⟨

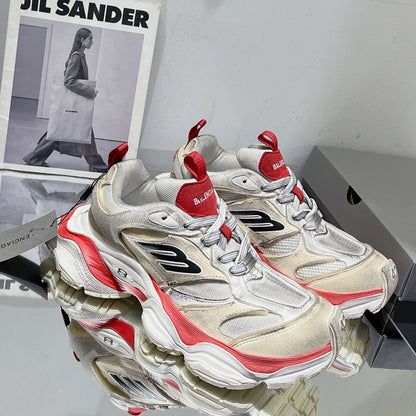 Balenciaga Limited Edition Style Shoe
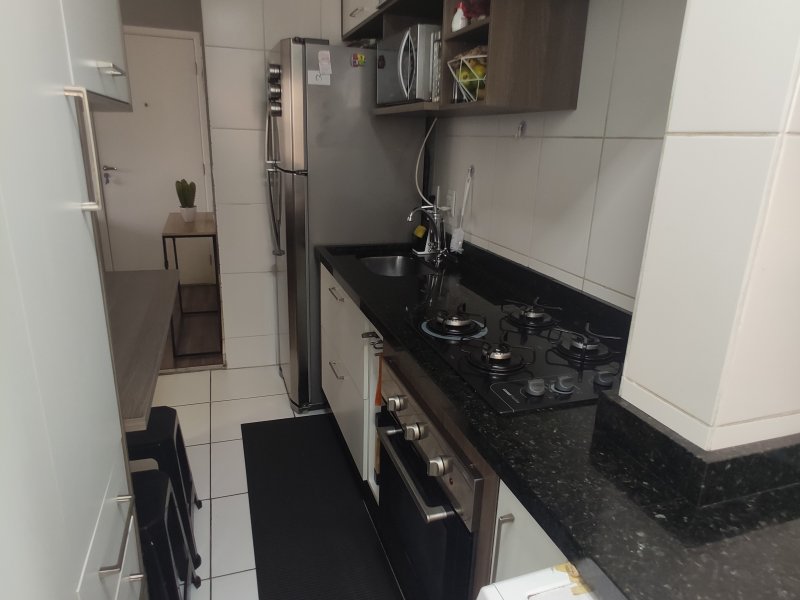 Apartamento à venda Centro com 44m² e 2 quartos por R$ 280.000 - 113638996-img-20200808-170152-1.jpg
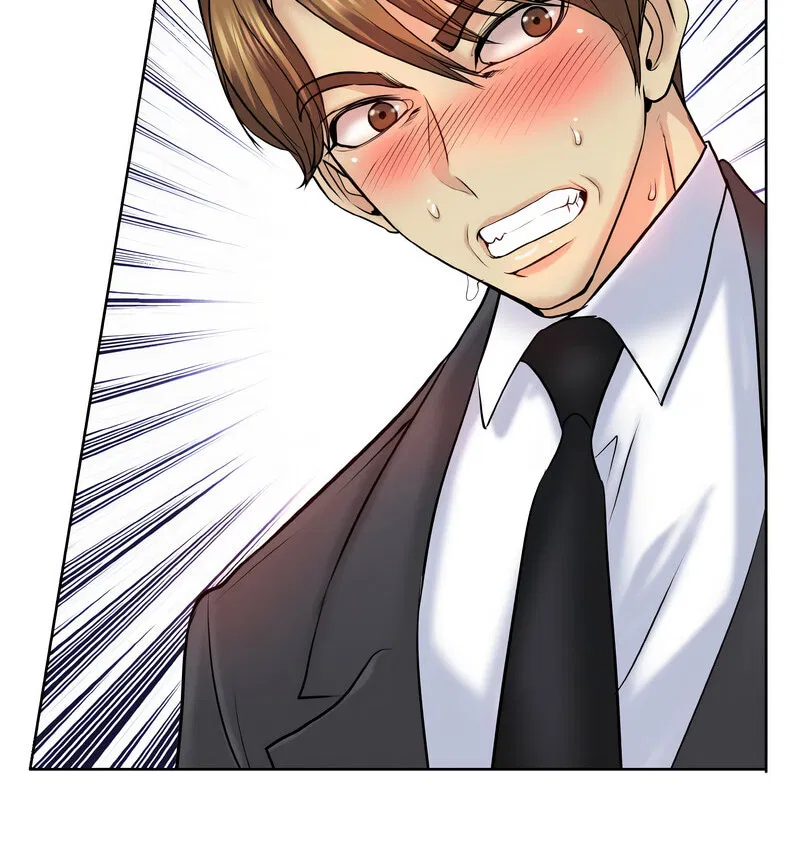 第19話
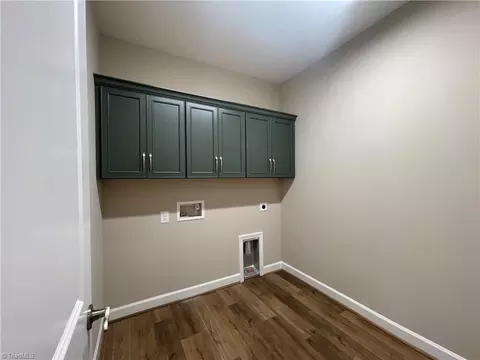 131 Mountain Maple Dr, King, NC 27021 photo 12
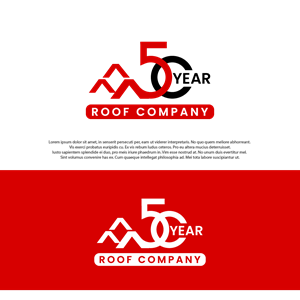 Logo Design by farady for this project | Design: #30082543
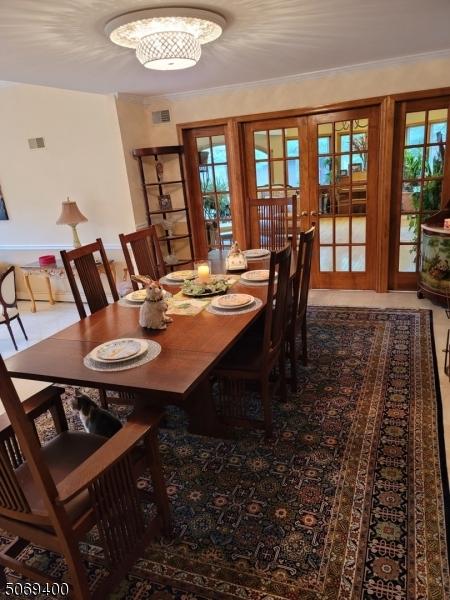 22 Gorge Way, Wayne, NJ 07470 photo 9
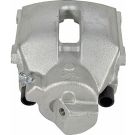Metzger Bremssattel 6260270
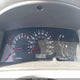 1NXBR32E37Z810780 2007 Toyota Corolla Le auction photo thumbnail 7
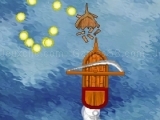 Jeu pirates last adventure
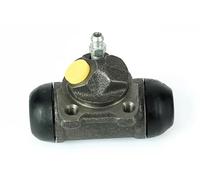Cilindretto freno Ghisa A 12 349 BREMBO per SMART NISSAN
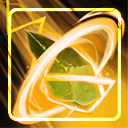 The Strength of Blink in Season 5 Smite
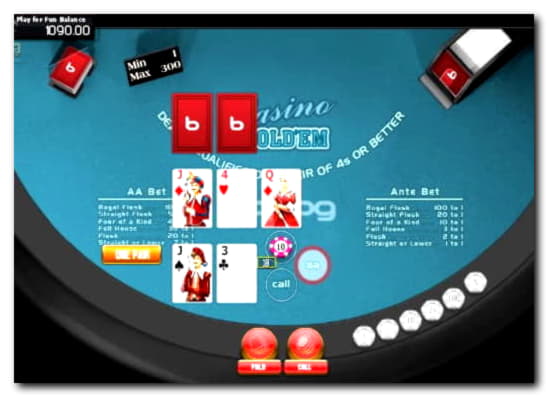 160% Match Bonus Casino at Vera and Jhon Casino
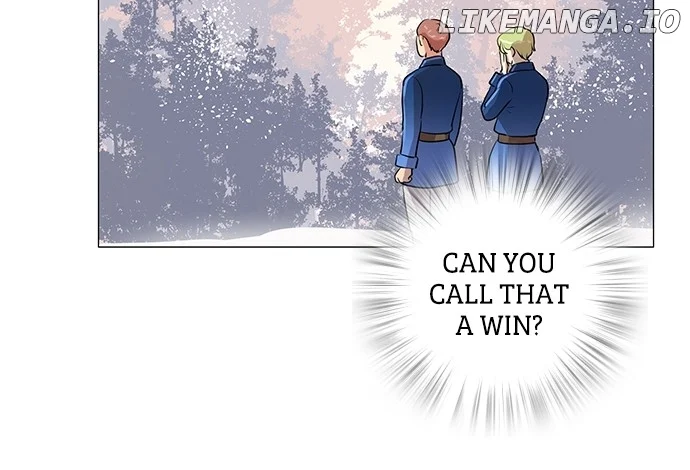 I Became the Rabbit Heroine’s Stepmother chapter 46 page 54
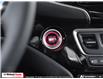 2026 Honda Ridgeline Black Edition (Stk: WN26527) in Welland - Image 25 of 26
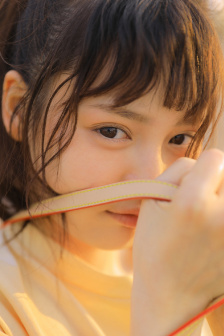 走向共和電視劇全集免費(fèi)觀看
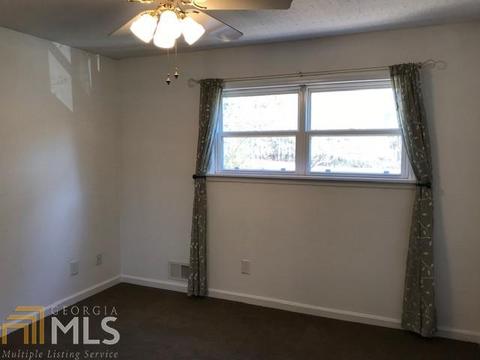 3147 Bunten Rd, Duluth, GA 30096 photo 21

⟩

• [Exercise aim] Give all the records again, exactly, without images.

• [Reply]
 Balenciaga Limited Edition Style Shoe
 Apartamento à venda Centro com 44m² e 2 quartos por R$ 280.000 - 113638996-img-20200808-170152-1.jpg
 第19話
 131 Mountain Maple Dr, King, NC 27021 photo 12
 Logo Design by farady for this project | Design: #30082543
 22 Gorge Way, Wayne, NJ 07470 photo 9
Metzger Bremssattel 6260270
 1NXBR32E37Z810780 2007 Toyota Corolla Le auction photo thumbnail 7
 Jeu pirates last adventure
Cilindretto freno Ghisa A 12 349 BREMBO per SMART NISSAN
 The Strength of Blink in Season 5 Smite
 160% Match Bonus Casino at Vera and Jhon Casino
 I Became the Rabbit Heroine’s Stepmother chapter 46 page 54
 2026 Honda Ridgeline Black Edition (Stk: WN26527) in Welland - Image 25 of 26
 走向共和電視劇全集免費(fèi)觀看
 3147 Bunten Rd, Duluth, GA 30096 photo 21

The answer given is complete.